What the reports do not explore very closely, however, is the extent to which CERA is still at the optimistic end of the range of forecasts.
The study takes forward the “recession shock” report that CERA did for the British government ahead of the oil producers and consumers meeting in London last December. Unlike some forecasters, who predict output, CERA looks at productive capacity: the amount that the world’s oil fields could produce if they were all working at full stretch. So it includes, for example, capacity in Opec countries left idle to comply with production restraints. On the basis, CERA expects productive capacity to rise from about 94.5m barrels per day now (compared to actual output of about 85.5m b/d), to 101.4m b/d by 2014.
As the stories pointed out, that is a steep reduction of 7.6m b/d from the previous CERA forecast of 109m b/d, made last summer. Project delays and cancellations caused by the world recession, the financial crisis and the oil price slump, which have been warned of by many companies are governments, are blamed for the revision.
That estimate of the loss of future supply capacity seems entirely reasonable, given the severity of the crisis. It is worth remembering, however, that CERA is far from being the most pessimistic forecaster around.

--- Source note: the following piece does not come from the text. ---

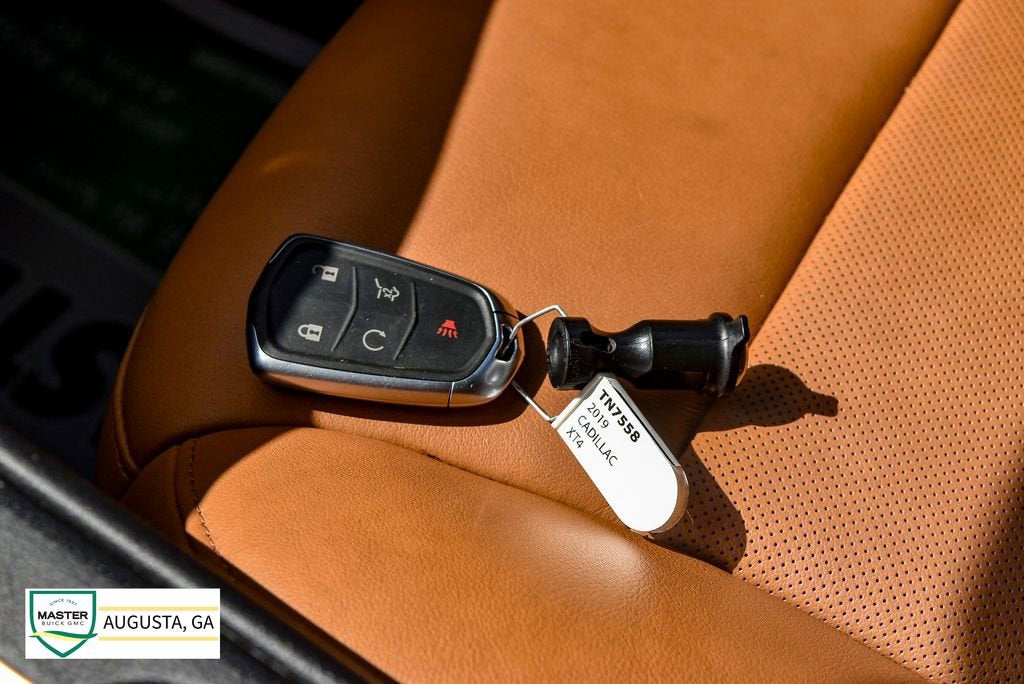 2019 Cadillac XT4 FWD Premium Luxury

If, as we all hope, the world economy is back on an even keel again by 2014, then unused oil capacity would presumably be lower than the present 9m b/d, on CERA’s calculations. So if we assume it is about 7m b/d, that would give output of about 94m-95m b/d on that capacity of 101.4m.
But the IEA was already forecasting in November in its World Energy Outlook that output would be in the mid-90s in the middle years of the next decade. Since that forecast, it has made it clear that it is likely to cut its projections in its next Medium-Term Oil Outlook, due in the summer.
And meanwhile we have Christophe de Margerie, CEO of Total, warning that he does not believe the world will ever produce more than 89m b/d.
CERA’s warning that the “aftershock” from the present downturn could include a supply crunch in teh next decade certainly looks well-founded. But it could be even worse than CERA suggests.
UPDATE Peter Jackson at CERA suggests a number in the “low 90s” is likely, depending on “the timing and scale of the recovery, the impact of the increase in economic activity on the rate of oil demand increase, where OPEC is headed and just how much capacity expansion is stalled by the current oil price situation.”
That still puts CERA ahead of the most pessmistic forecasts.